#### WORK INSTRUCTION:
Reproduce verbatim the line where "Phun môi tế bào gốc sau khử thâm môi/phun môi Phun" occurs, along with all following lines down to the last line of the data.

[Collected data entries]
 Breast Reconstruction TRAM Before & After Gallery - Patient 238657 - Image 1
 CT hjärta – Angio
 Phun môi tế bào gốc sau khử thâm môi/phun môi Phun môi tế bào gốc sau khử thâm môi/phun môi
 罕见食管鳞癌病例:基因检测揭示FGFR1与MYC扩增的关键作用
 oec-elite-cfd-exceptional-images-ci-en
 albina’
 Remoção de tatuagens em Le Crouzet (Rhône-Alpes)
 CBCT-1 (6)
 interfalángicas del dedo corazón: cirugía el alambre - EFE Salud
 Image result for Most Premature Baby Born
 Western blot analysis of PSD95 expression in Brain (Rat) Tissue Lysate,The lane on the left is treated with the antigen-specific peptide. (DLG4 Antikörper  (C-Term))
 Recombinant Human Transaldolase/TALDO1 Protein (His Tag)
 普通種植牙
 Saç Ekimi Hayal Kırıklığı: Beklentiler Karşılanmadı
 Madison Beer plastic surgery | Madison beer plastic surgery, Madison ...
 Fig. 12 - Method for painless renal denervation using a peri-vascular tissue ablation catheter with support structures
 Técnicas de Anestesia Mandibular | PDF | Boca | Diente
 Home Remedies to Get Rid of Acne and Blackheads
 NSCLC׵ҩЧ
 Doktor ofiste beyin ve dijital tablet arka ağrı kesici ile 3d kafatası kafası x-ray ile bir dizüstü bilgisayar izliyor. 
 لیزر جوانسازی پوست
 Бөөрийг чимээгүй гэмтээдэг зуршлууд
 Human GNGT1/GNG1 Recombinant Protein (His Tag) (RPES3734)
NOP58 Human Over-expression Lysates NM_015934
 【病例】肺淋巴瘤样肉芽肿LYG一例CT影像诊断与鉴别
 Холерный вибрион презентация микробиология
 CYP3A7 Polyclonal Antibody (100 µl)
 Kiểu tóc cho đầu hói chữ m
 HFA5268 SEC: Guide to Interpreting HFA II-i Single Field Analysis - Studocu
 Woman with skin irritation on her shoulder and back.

#### SOLUTION FOR THIS TASK:
 Phun môi tế bào gốc sau khử thâm môi/phun môi Phun môi tế bào gốc sau khử thâm môi/phun môi
 罕见食管鳞癌病例:基因检测揭示FGFR1与MYC扩增的关键作用
 oec-elite-cfd-exceptional-images-ci-en
 albina’
 Remoção de tatuagens em Le Crouzet (Rhône-Alpes)
 CBCT-1 (6)
 interfalángicas del dedo corazón: cirugía el alambre - EFE Salud
 Image result for Most Premature Baby Born
 Western blot analysis of PSD95 expression in Brain (Rat) Tissue Lysate,The lane on the left is treated with the antigen-specific peptide. (DLG4 Antikörper  (C-Term))
 Recombinant Human Transaldolase/TALDO1 Protein (His Tag)
 普通種植牙
 Saç Ekimi Hayal Kırıklığı: Beklentiler Karşılanmadı
 Madison Beer plastic surgery | Madison beer plastic surgery, Madison ...
 Fig. 12 - Method for painless renal denervation using a peri-vascular tissue ablation catheter with support structures
 Técnicas de Anestesia Mandibular | PDF | Boca | Diente
 Home Remedies to Get Rid of Acne and Blackheads
 NSCLC׵ҩЧ
 Doktor ofiste beyin ve dijital tablet arka ağrı kesici ile 3d kafatası kafası x-ray ile bir dizüstü bilgisayar izliyor. 
 لیزر جوانسازی پوست
 Бөөрийг чимээгүй гэмтээдэг зуршлууд
 Human GNGT1/GNG1 Recombinant Protein (His Tag) (RPES3734)
NOP58 Human Over-expression Lysates NM_015934
 【病例】肺淋巴瘤样肉芽肿LYG一例CT影像诊断与鉴别
 Холерный вибрион презентация микробиология
 CYP3A7 Polyclonal Antibody (100 µl)
 Kiểu tóc cho đầu hói chữ m
 HFA5268 SEC: Guide to Interpreting HFA II-i Single Field Analysis - Studocu
 Woman with skin irritation on her shoulder and back.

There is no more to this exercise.